Die Narbenhand – Wenn „Meilenstein“ das richtige Wort ist

15 Mai

This Gun for Hire

Von Ansgar Skulme

Krimidrama // Der Auftragskiller Raven (Alan Ladd) erbeutet eine chemische Formel und ermordet pflichtbewusst den Mann, der sie gestohlen hatte. Sein Auftraggeber Willard Gates (Laird Cregar) jedoch bezahlt ihn mit markierten Geldscheinen und zeigt den angeblichen Diebstahl der Scheine bei der Polizei an. Raven beschließt, sich an Gates zu rächen, dessen Hintermänner offenbar geschäftliche Beziehungen zu den Japanern unterhalten. Dabei trifft er auf die schöne Ellen Graham (Veronica Lake), die in Gates‘ Nachtclub arbeiten soll, um ihn auszuspionieren. Grahams Verlobter, Detective Lieutenant Michael Crane (Robert Preston), ist jedoch bereits hinter Raven her – und mit ihm bald eine ganze Armada an Polizisten.

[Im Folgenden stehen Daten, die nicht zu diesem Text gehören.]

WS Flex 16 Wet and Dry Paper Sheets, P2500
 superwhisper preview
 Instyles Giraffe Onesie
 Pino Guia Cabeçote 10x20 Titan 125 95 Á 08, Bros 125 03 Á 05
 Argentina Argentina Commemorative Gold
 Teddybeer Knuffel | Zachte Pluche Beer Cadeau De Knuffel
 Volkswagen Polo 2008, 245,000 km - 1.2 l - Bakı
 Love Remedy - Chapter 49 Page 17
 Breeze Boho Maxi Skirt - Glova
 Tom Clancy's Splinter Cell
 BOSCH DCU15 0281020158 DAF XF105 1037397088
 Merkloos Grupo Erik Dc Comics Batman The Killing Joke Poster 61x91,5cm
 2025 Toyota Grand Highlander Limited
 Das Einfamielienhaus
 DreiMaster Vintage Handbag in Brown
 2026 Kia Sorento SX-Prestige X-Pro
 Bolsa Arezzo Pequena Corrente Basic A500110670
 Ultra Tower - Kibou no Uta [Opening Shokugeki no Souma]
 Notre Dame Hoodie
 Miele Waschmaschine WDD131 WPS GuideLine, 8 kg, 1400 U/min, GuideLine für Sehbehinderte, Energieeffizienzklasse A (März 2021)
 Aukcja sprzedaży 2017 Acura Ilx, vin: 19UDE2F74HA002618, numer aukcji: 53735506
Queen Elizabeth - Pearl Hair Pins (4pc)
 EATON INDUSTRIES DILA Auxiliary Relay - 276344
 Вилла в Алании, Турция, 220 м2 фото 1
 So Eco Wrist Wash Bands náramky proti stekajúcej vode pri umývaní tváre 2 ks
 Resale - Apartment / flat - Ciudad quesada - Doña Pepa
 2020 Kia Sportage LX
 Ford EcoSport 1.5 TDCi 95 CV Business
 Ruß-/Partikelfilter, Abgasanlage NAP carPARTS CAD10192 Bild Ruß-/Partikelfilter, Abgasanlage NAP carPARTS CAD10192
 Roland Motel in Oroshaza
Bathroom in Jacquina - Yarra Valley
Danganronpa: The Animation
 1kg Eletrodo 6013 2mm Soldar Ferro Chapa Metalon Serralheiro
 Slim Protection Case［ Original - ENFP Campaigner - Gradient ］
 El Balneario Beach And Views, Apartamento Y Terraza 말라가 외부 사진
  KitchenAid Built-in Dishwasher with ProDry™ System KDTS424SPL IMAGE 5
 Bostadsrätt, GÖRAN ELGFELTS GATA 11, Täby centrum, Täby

Raven (l.) lächelt äußerst ungern

„Die Narbenhand“ gilt neben „Die Spur des Falken“ (1941) als wahrscheinlich wichtigster richtungsweisender Vertreter des ganz frühen Film noirs. Die Figur des Raven setzte Maßstäbe für die vielen psychologisch komplex angelegten Antihelden, die der Noir in der Folge hervorbrachte. Basierend auf dem 1936 erschienenen Roman „A Gun for Sale“ des britischen Autors Graham Greene, der in den USA bereits im selben Jahr als „This Gun for Hire“ veröffentlicht wurde – deutscher Titel: „Das Attentat“ –, sorgte der Film zudem für Alan Ladds Durchbruch in Hollywood. Ladd wurde von Fans und Kritik so sehr für seine Darbietung gefeiert, dass er zum Star des Films avancierte, obwohl er im Vorspann noch von Veronica Lake, Robert Preston und Laird Cregar überragt wurde. Besonders eine Szene hat es in sich, in der Raven sein Schicksal als Junge und die Misshandlungen durch seine Tante schildert. Produktionsunterlagen weisen darauf hin, dass es ursprünglich auch Filmmaterial mit dem jungen Raven und seiner Tante geben sollte, das jedoch aus dem finalen Film entfernt wurde. Eine Erklärung dafür könnte sein, dass dies die bloßen Beschreibungen der Vorfälle durch Raven umso eindrücklicher macht. Insgesamt wurden vor Veröffentlichung des Films aber angeblich mehr als zehn Minuten gekürzt – vermutlich also auch weitere Szenen. Ladd überzeugt, gekrönt von dieser Szene, durchweg als gebrochener Mann, der erst für Geld und schließlich für seine Ideale kämpft. Seine Darstellung des Killers beeinflusste viele nachfolgende Killer-Darstellungen der Filmgeschichte unmittelbar – wobei Alain Delon in „Der eiskalte Engel“ (1967) lediglich eines der offensichtlichsten Beispiele ist.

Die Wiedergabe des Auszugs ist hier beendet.